The Radio Board took over the functions of the Radio Policy Sub-committee of the Chiefs of Staff Committee, which was merged with the Board, and was to be responsible generally to the Minster of Production and to the Chiefs of Staff Committee on matters of service policy. The chair was to be Colonel J J Llewellin (Minister of Aircraft Production), with representatives from the Admiralty, War Office, Air Ministry, Ministry of Supply, Ministry of Aircraft Production, and the General Post Office (GPO). It was to be a committee of the Cabinet, with secretariat provided by the Air Ministry. The Board was to be responsible for a co-ordinated policy of development, production and research, to promote standardisation of equipment and to act as the channel of communication with the Dominion and Allied governments [see CAB 125/109]. Much of the work of the Board was to be carried out by two main working committees: the Production, Planning and Personnel Committee [see CAB 125/28], and the Operations and Technical Radio Committee [see CAB 125/11], supported by numerous sub-committees and panels.

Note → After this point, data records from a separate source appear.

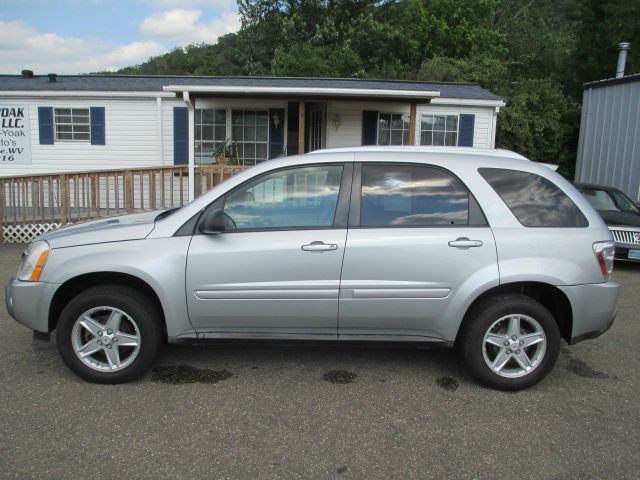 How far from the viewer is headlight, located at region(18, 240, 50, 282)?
3.77 m

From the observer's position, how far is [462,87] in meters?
14.6

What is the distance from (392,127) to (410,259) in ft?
32.8

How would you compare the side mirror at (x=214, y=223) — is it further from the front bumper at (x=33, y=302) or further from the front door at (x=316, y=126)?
the front door at (x=316, y=126)

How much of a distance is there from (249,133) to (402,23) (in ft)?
65.0

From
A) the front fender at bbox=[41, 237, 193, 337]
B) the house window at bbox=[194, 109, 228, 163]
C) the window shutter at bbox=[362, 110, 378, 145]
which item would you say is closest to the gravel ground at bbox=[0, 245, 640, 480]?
the front fender at bbox=[41, 237, 193, 337]

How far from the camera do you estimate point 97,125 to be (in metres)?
12.8

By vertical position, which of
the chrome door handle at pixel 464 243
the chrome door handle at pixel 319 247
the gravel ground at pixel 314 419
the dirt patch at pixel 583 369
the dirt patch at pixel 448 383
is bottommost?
the gravel ground at pixel 314 419

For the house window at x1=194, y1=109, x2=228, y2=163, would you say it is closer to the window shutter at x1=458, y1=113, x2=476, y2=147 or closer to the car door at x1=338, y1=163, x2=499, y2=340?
the window shutter at x1=458, y1=113, x2=476, y2=147

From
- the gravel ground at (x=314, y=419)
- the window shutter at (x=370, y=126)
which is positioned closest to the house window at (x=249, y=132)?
the window shutter at (x=370, y=126)

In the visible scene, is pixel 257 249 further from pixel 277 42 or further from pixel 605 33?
pixel 277 42

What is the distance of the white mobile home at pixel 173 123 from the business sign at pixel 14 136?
0.02m

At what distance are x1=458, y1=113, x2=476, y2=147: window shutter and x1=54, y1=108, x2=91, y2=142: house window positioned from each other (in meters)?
9.12

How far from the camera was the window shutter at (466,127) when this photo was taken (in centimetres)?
1301

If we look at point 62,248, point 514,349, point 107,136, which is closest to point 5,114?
point 107,136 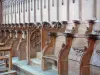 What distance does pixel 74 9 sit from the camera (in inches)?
142

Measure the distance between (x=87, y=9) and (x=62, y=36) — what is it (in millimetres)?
644

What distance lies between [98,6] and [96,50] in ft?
3.22

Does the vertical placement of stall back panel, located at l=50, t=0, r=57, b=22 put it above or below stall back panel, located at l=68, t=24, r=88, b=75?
above

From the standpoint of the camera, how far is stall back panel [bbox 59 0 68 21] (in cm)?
388

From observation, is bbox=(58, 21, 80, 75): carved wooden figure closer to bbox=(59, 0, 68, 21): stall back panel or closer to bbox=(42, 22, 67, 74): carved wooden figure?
bbox=(42, 22, 67, 74): carved wooden figure

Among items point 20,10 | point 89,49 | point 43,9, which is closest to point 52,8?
point 43,9

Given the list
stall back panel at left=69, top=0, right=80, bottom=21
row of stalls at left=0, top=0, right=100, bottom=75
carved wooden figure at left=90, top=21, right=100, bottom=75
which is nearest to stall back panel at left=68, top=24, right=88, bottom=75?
row of stalls at left=0, top=0, right=100, bottom=75

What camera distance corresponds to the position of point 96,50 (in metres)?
2.29

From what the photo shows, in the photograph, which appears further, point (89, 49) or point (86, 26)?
point (86, 26)

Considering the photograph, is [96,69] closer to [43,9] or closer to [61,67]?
[61,67]

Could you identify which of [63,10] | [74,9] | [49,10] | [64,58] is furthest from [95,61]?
[49,10]

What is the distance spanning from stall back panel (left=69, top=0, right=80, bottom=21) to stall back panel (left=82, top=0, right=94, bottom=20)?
0.56ft

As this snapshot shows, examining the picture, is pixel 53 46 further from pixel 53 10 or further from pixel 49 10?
pixel 49 10

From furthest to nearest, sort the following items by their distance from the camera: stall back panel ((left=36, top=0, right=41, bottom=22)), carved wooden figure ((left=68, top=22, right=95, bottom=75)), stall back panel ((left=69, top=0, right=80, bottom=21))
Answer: stall back panel ((left=36, top=0, right=41, bottom=22)), stall back panel ((left=69, top=0, right=80, bottom=21)), carved wooden figure ((left=68, top=22, right=95, bottom=75))
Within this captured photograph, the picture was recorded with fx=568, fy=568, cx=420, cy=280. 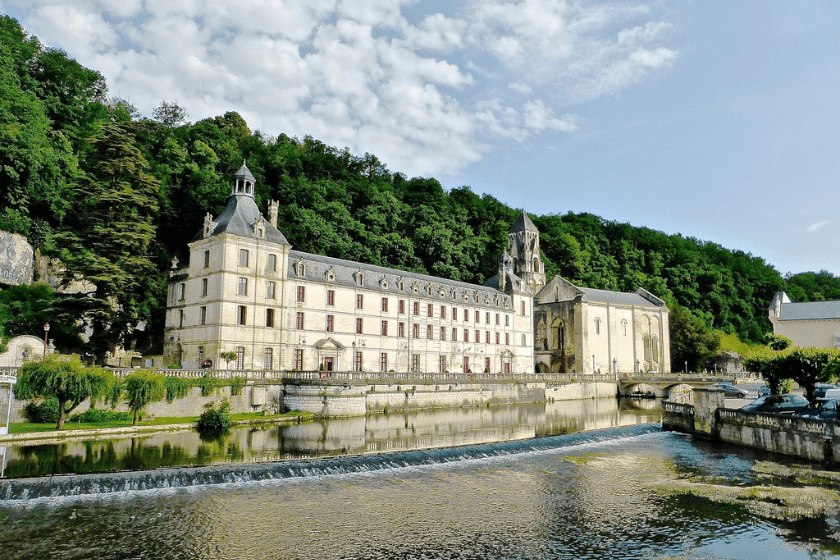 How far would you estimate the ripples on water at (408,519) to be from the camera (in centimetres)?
1224

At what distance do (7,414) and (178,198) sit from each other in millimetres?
32572

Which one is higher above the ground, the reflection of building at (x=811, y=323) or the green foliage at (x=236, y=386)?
the reflection of building at (x=811, y=323)

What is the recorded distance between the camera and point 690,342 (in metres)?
81.4

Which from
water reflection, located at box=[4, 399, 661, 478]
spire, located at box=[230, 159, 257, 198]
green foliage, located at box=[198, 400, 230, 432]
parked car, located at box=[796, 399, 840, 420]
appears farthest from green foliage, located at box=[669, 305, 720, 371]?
green foliage, located at box=[198, 400, 230, 432]

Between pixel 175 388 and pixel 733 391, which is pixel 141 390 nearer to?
pixel 175 388

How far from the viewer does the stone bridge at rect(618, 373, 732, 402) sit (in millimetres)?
60594

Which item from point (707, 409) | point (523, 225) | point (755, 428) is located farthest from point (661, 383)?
point (755, 428)

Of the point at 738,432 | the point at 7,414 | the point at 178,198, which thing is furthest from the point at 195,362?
the point at 738,432

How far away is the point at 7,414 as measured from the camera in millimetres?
23297

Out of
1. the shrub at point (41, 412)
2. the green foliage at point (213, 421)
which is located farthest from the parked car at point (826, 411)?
the shrub at point (41, 412)

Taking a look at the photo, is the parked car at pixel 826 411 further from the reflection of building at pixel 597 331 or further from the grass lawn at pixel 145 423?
the reflection of building at pixel 597 331

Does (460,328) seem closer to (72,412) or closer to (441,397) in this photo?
(441,397)

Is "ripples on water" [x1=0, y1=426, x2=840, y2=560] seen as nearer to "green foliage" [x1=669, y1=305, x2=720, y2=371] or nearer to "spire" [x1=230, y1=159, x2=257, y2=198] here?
"spire" [x1=230, y1=159, x2=257, y2=198]

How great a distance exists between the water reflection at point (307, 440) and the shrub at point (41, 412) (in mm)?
3683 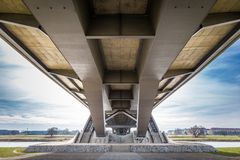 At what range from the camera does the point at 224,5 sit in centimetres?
900

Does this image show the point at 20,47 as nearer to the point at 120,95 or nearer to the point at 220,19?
the point at 220,19

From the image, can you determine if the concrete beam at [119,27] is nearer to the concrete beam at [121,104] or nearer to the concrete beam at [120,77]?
the concrete beam at [120,77]

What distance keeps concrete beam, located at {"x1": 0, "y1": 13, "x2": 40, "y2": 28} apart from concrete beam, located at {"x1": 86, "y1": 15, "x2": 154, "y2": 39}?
2401mm

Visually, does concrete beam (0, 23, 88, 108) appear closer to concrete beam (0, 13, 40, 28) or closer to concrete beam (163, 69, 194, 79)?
concrete beam (0, 13, 40, 28)

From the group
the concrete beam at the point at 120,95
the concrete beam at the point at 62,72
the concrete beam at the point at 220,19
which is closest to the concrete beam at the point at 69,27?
the concrete beam at the point at 62,72

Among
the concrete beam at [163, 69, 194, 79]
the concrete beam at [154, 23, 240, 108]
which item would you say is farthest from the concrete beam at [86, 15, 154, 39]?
the concrete beam at [163, 69, 194, 79]

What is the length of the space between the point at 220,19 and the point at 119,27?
4.36m

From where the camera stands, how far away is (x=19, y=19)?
9547 millimetres

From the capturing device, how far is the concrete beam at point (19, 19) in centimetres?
948

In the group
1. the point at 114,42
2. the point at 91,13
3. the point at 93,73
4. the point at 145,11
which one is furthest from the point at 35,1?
the point at 93,73

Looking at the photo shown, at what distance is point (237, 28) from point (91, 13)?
7.41m

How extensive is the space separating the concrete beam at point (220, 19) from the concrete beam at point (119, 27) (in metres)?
2.39

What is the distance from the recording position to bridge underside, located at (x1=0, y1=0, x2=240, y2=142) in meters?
7.86

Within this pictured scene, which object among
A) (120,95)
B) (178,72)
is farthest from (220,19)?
(120,95) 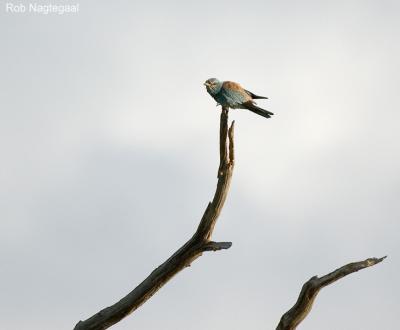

In October 1945, the Woking Party on a Proposed Radio and Cable Board was appointed [see CAB 125/6] and recommended that the Radio Board and the Imperial Communications Committee should be replaced by a single Cabinet committee to be called the Radio and Cable Board. A further working party [see CAB 125/7] met in October 1946 to discuss proposals for the reorganisation of all inter-departmental committees on radio and signalling.
The Radio and Cable Board, chaired by Sir Stafford Cripps (President of the Board of Trade), held its first meeting on 9 October 1946 [see CAB 125/8], and acted as a co-ordinating committee supported by three main committees: the Research, Development and Production (Radio and Cable) Committee, with secretariat provided by the Ministry of Supply; the Services (Operational) Radio and Cable Committee, with secretariat provided in rotation by the Service departments; and the Civilian Communications Committee, with secretariat provided by the GPO. Its terms of reference were similar to those of the Radio Board and were extended to include cables and visual signalling.
In December 1949, a working party was set-up to review the arrangements for inter-departmental co-ordination of radio and cable activities and its report [see CAB 129/46 (CP(51)157)] recommended that the Radio and Cable Board should be dissolved and the Frequency Committee be set-up.
The Frequency Committee first met in August 1951 [see CAB 125/10]. Its terms of reference were to formulate the policy governing the regulation of radio frequency usage and the planning and allocation of frequencies.